Real and virtual visual site assessments

A visual site assessment – either Real or Virtual – is a valuable task in the investigation of a personal injury or a failure in the built environment. I explain this in the Bundle of Blogs below that I posted in the past. This type of assessment is particularly valuable during COVID-19.

In a Real assessment, the forensic expert does the following tasks:

  1. Gets briefed by the client
  2. Reads documentation on what happened
  3. Goes to the scene of the personal injury or failure,
  4. Examines the exposed surfaces at the site
  5. Notes what’s there and what’s not
  6. Takes some measurements
  7. Also some photographs
  8. Perhaps gets video from a drone
  9. Gets “calibrated” to the site (Ref. 1)

S/he does not do the following that come later if required:

  1. Look below the surface
  2. Take things apart
  3. Do intrusive field testing, or
  4. Laboratory testing

What is done during the Real assessment process is not too much different from the SOAP (Subjective Objective Assessment Plan) and Differential Diagnosis processes in medicine. (Refs 2, 3)

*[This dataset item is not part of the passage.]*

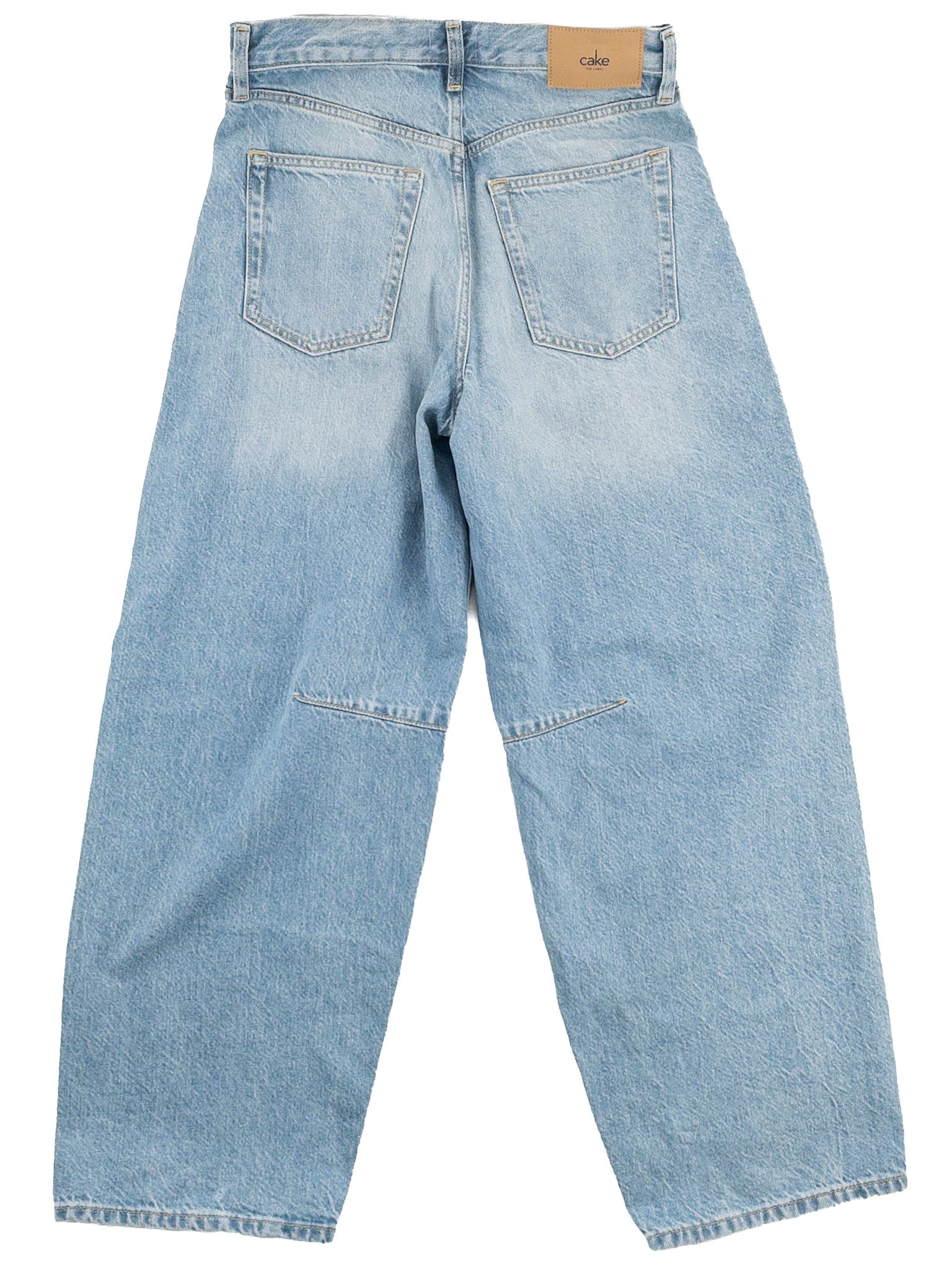 Cake Blue Washed Cotton Blend Barrel Size 4 Jeans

A lot of data and evidence is gathered this way, sometimes enough to reason to a conclusion and form an opinion on cause sufficient to resolve a dispute or settle a claim.

A Virtual assessment – sans site visit – is also good, and sometimes enough. If it has a shortcoming, the expert doesn’t get “calibrated” to the site as well as he might. Nor get his hands dirty and mud on his boots. (Ref. 4)

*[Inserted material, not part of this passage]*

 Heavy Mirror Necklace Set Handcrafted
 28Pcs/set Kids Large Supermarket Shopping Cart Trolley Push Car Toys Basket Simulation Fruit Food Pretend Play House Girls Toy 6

I’ve done several virtual assessments including one a few months ago at the scene of a trip and fall accident. Others were of retaining wall failures, a bridge collapse, several building collapses and a trench cave-in.

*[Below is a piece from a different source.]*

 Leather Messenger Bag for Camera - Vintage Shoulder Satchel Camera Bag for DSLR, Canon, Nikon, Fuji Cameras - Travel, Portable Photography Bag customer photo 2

One assessment resolved an 11 year dispute after a four month forensic investigation. A person was injured by ice falling off a structure. In hindsight, that visual site assessment was half real and half virtual – I examined the exposed surfaces with binoculars from across the street.

At the time of this investigation I got insight into the formation and risk of ice on structures during a ski trip to Mont Comi on the Gaspe Peninsula. The penny dropped as I came and went from the ski lodge. Ice formed at the eaves trough till it got too heavy and fell off. Signs warned skiers of this. I also saw ice on buildings during a visit to my daughter’s horse farm in Maine. Forensic engineers are working even when they’re not.

***

In the following, I’ve listed a few recent blogs on Real and Virtual visual site assessments that are particularly relevant in COVID-19 times. I’ve posted others in the last nine years but the following are enough.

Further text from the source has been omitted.